Sang Royal
rappelai l’agacement de Cranmer quand j’avais abordé le sujet.
« Ah, bien ! Nous, les gens d’York, nous le saurons quand on jugera bon de nous mettre au courant. »
Je le dévisageai, curieux de la note d’amertume que je venais de percevoir sous le franc-parler.
« Peut-être la reine Catherine sera-t-elle couronnée, dis-je. Après tout, voilà plus d’un an qu’elle est en place. » Je fis cette remarque délibérément, dans le but d’indiquer que je n’étais pas l’une de ces personnes guindées au service du roi qui ne parlent de Sa Majesté que d’un ton révérencieux.
Wrenne hocha de nouveau la tête, tout sourire, pour montrer qu’il avait compris. « Eh bien ! nous avons du pain sur la planche. Je suis content que vous m’aidiez. Nous allons devoir éliminer les requêtes stupides, telles que celle de l’homme, dont j’ai lu le dossier hier, qui cherche querelle au Conseil du Nord à propos d’un pouce de terre. » Il éclata de rire. « Mais, confrère, vous devez avoir l’habitude de ce genre d’inepties.
— En effet. Je suis spécialiste de droit foncier.
— Vous allez regretter de m’en avoir informé, monsieur. » Il fit un clin d’œil à Barak. « Car désormais je vais vous confier tous les dossiers fonciers. Je garderai les dettes et les différends avec les autorités subalternes.
— Ne s’agit-il que de ce genre d’affaires ? demandai-je.
— Oui, dans l’ensemble. » Il haussa les sourcils. « On m’a expliqué que l’important était de montrer que le roi s’intéresse à ses sujets du Nord. Nous arbitrerons les petites querelles sous l’autorité du roi, renvoyant les plus graves devant le Conseil royal.
— Comment allons-nous mener nos arbitrages ?
— Au cours d’audiences sans protocole et grâce à une délégation de pouvoir. Je présiderai les séances, en votre compagnie et en celle d’un représentant du Conseil du Nord. Avez-vous déjà effectué ce genre d’arbitrage ?
— Oui. Ainsi donc, le roi n’interviendra pas personnellement dans les petits dossiers ?
— C’est cela. Il se peut cependant que nous le rencontrions. »
Barak et moi nous redressâmes brusquement tous les deux.
« Comment cela, monsieur ? »
Wrenne inclina la tête. « Depuis Lincoln, dans toutes les villes et autres lieux, le roi a reçu les suppliques des nobliaux du coin et des échevins qui, il y a cinq ans, se trouvaient avec les rebelles, implorant son pardon à genoux. Il cherche à se les attacher à nouveau en leur faisant prononcer des serments d’allégeance. Il est intéressant de noter qu’ordre a été donné d’empêcher qu’un trop grand nombre de solliciteurs ne se regroupent en même temps. L’entourage du roi a toujours peur, voyez-vous. Un millier de soldats escortent le cortège et l’artillerie royale a été envoyée à Hull par bateau.
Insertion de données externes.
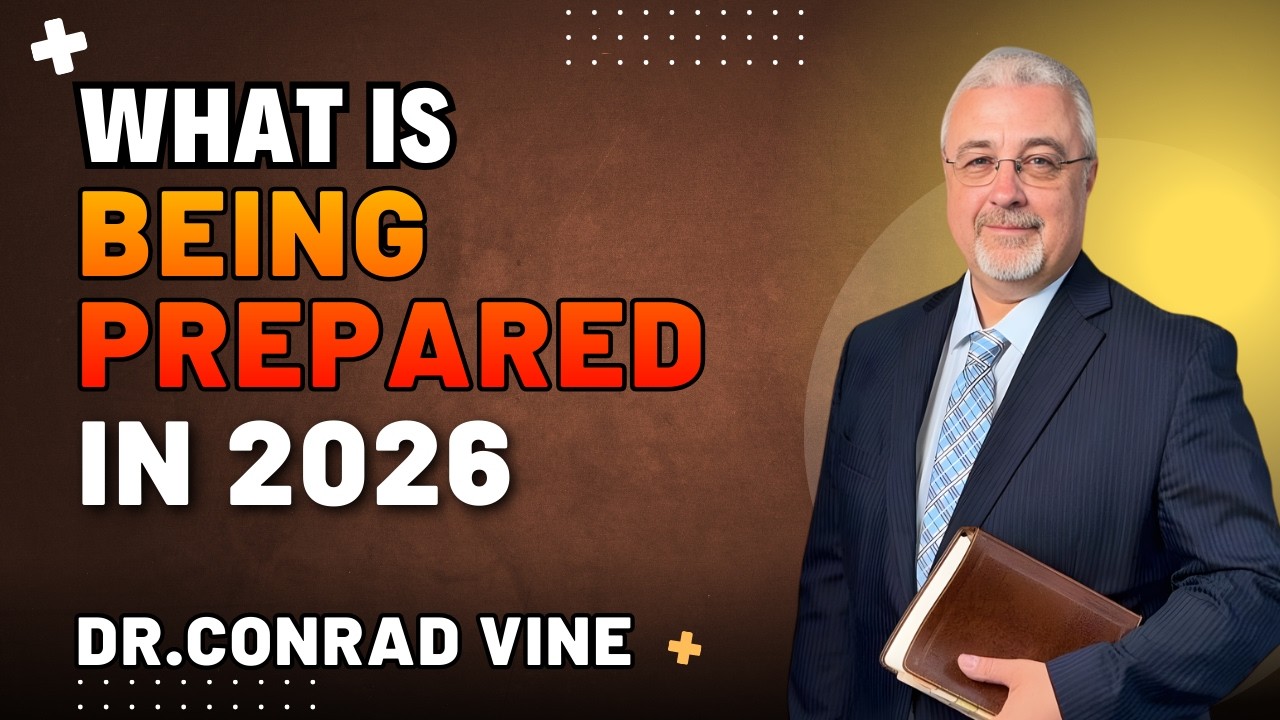 Conrad Vine Sermons - A Frightening Chain of Events in 2026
— Mais il n’y a pas eu de troubles ? »
Il secoua la tête. « Aucun. Mais il s’agit avant tout de mettre en scène la reddition la plus humiliante. Ici, à York, les suppliques doivent constituer le spectacle le plus majestueux qui soit. Vendredi, les échevins rencontreront le roi et la reine devant les murs de la ville, vêtus d’humbles tuniques, afin de jurer allégeance et de présenter leurs excuses pour avoir laissé les rebelles s’emparer d’York et en faire leur capitale en 1536. Les habitants de la ville n’assisteront pas à la cérémonie, d’une part parce que ce ne serait pas bon pour le peuple de voir leurs édiles ainsi humiliés (Wrenne arqua ses épais sourcils) et, d’autre part, parce que ce spectacle risquerait, en fait, de les monter contre le roi. Les échevins doivent offrir des présents à Leurs Majestés, de grandes coupes pleines de pièces. On a fait la quête auprès des habitants. » Il eut un sourire narquois. « Ils ont cédé à d’amicales pressions. » Il prit une profonde inspiration. « Et on parle de nous faire assister, nous les avocats du roi, à la cérémonie afin de lui présenter officiellement les requêtes.
— On sera donc jetés au cœur de la mêlée. » Et ce, malgré les promesses de Cranmer, pensai-je à part moi.
« Ce n’est pas impossible. Tankerd, le sénéchal, est dans tous ses états à propos du discours qu’il doit prononcer. Les édiles envoient constamment des courriers au duc de Suffolk pour s’assurer que tout est préparé selon les désirs du roi. » Il sourit.